• **REQUIRED WORK**: Starting from the line in which "Hello everybody, welcome" appears, set down each line exactly through the end of the listing, and nothing else. Leave out pictures.

• **DATA SHOWN**:

= = = =

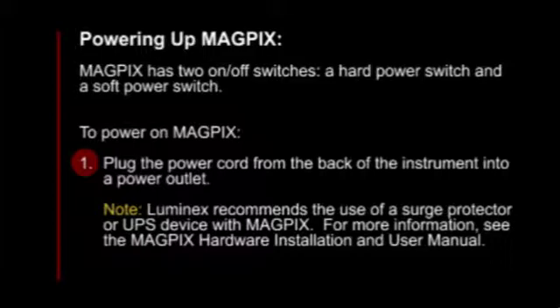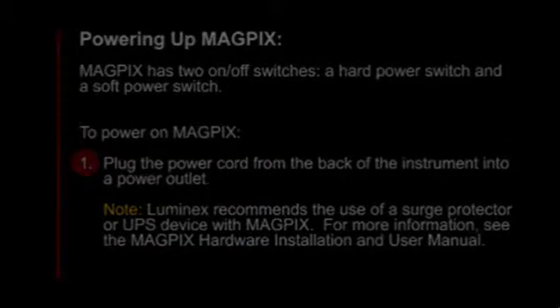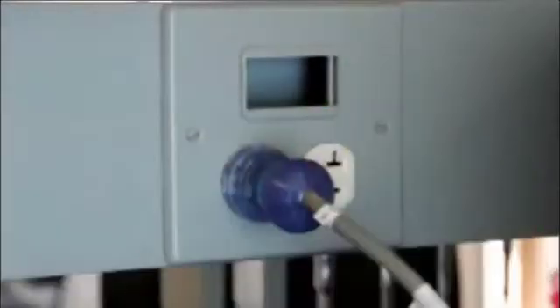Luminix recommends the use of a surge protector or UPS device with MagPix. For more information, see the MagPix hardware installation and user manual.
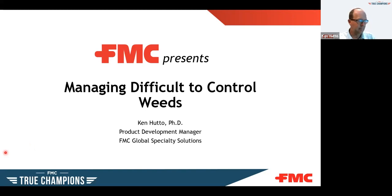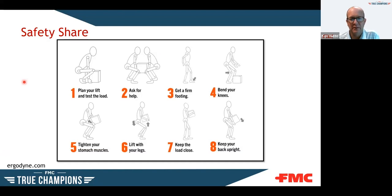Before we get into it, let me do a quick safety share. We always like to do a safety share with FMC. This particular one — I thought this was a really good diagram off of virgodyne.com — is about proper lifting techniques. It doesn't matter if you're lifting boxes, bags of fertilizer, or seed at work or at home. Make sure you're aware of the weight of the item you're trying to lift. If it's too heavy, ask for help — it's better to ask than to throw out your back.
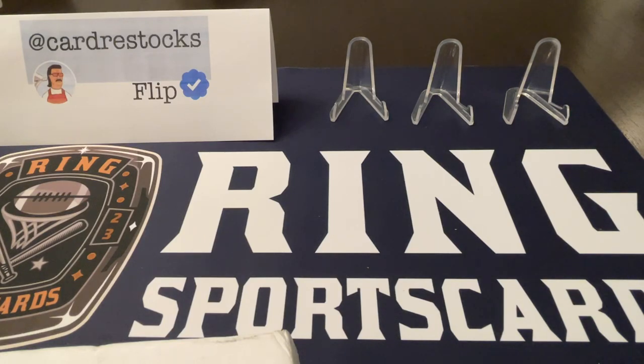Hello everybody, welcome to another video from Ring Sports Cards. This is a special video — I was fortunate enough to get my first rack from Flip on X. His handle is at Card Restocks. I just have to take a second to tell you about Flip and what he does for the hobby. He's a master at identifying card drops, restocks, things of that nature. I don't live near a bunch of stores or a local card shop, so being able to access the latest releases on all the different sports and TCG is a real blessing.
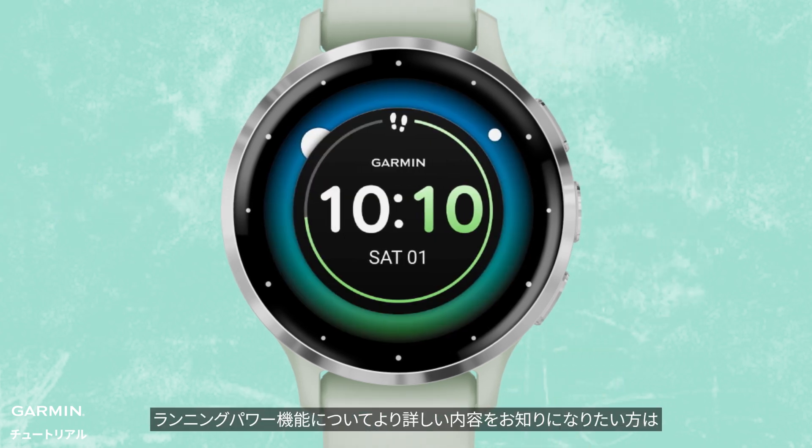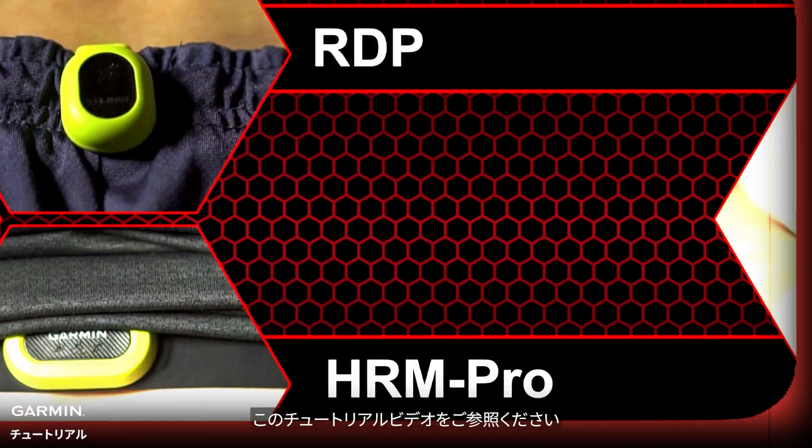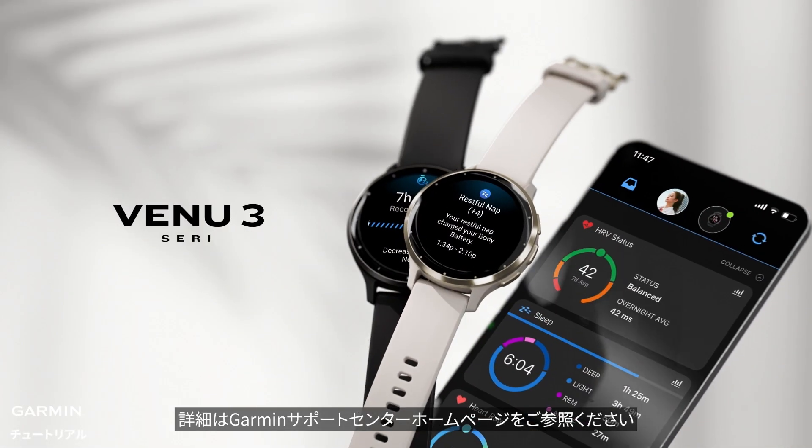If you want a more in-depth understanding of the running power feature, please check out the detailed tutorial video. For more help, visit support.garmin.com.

= = = =

• **PROBLEM SOLUTION**:
Hello everybody, welcome to another video from Ring Sports Cards. This is a special video — I was fortunate enough to get my first rack from Flip on X. His handle is at Card Restocks. I just have to take a second to tell you about Flip and what he does for the hobby. He's a master at identifying card drops, restocks, things of that nature. I don't live near a bunch of stores or a local card shop, so being able to access the latest releases on all the different sports and TCG is a real blessing.
If you want a more in-depth understanding of the running power feature, please check out the detailed tutorial video. For more help, visit support.garmin.com.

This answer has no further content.